Which is why nobody has any business setting fire to heretics, excommunicating the unorthdox (as opposed from removing them from teaching positions, if an organization needs to make it clear it does not accept the alternative view; this is how the Catholics dealt with Hans Kung, who was a heckuva lot further afield than any of the September 6), restraining free expression, or otherwise countering an opinion with anything other than a reasoned refutation. ‘Cept maybe in cases of things like Holocaust denial, where in addition to the sheer obvious pigheaded ignorance of the position, there’s a reasonable basis to presume that the denial is motivated by pre-existing hatred.
Author
JMB,
“What I don’t understand is why we can’t all just admit that our objectivity is subjective, it’s just that every “opinion” will carry a certain level, or lack of, general consensus, which varies in space and time (and which, as per Thomas, may have severe moral implications). Perhaps our language is not adequate for expressing what we really mean, and hence most of our confusion comes from problems in interpretation.”

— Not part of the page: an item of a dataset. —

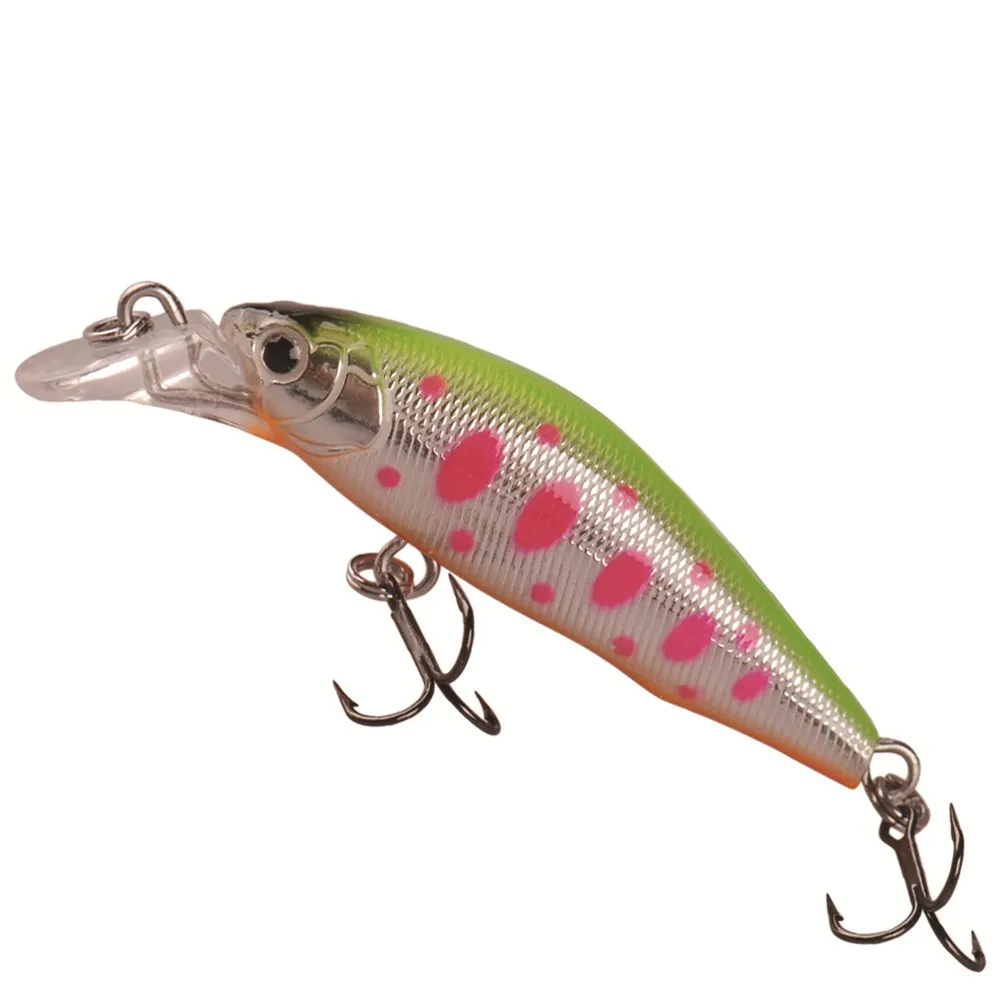 TAF Sinking Minnow 4.2cm 3.66g Fishing Lure France VMC Treble Hook 3D Eyes ABS Plastic Artificial Hard Bait For Saltwater
TAF Sinking Minnow 4.2cm 3.66g Fishing Lure France VMC Treble Hook 3D Eyes ABS Plastic Artificial Hard Bait For Saltwater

I agree with this completely and this is another view of what my post was about. I find in person conversation much easier to deal with because you can see body language, emotion and other things which gage the conversation. And in the end, while two can agree to disagree, here is much common ground to agree on.
In this type of forum, the discussion is inadequate to do that.
Author
MAC,
“On the other hand, while everyone is entitled to their own opinion, they are not entitled to their own facts.”
A fact, is, by nature a truth. it is in the interpretation of that fact where the trouble lies.
For instance, we can look at a fact about the current state of this country and it is almost a sure bet that Thomas and I will disagree about what that fact really means. 🙂
Two people can look at the same fact and see different things from it. It then becomes opinion.
Opinion is one thing, facts are another. A rather poignant example of this are the contrasting views of ancient Hebrew Priestcraft and the divine precepts and practice of the healing Christ as manifested by Jesus. In my opinion, conventional churchianity and mormonism are joined at the hip in contrast to the one Christ consciousness which lifts human lives from the grave both literally and figuratively. Is my view merely an opinion or an accurate observation of truth in this regard? In my opinion, it is the latter, for I have seen the healing of the sick and the raising of the dead and it was wholly non-mormon and glorious. Everyone see “The Book of Mormon” play. In my opinion, it offers the best theatrics in a long, long time!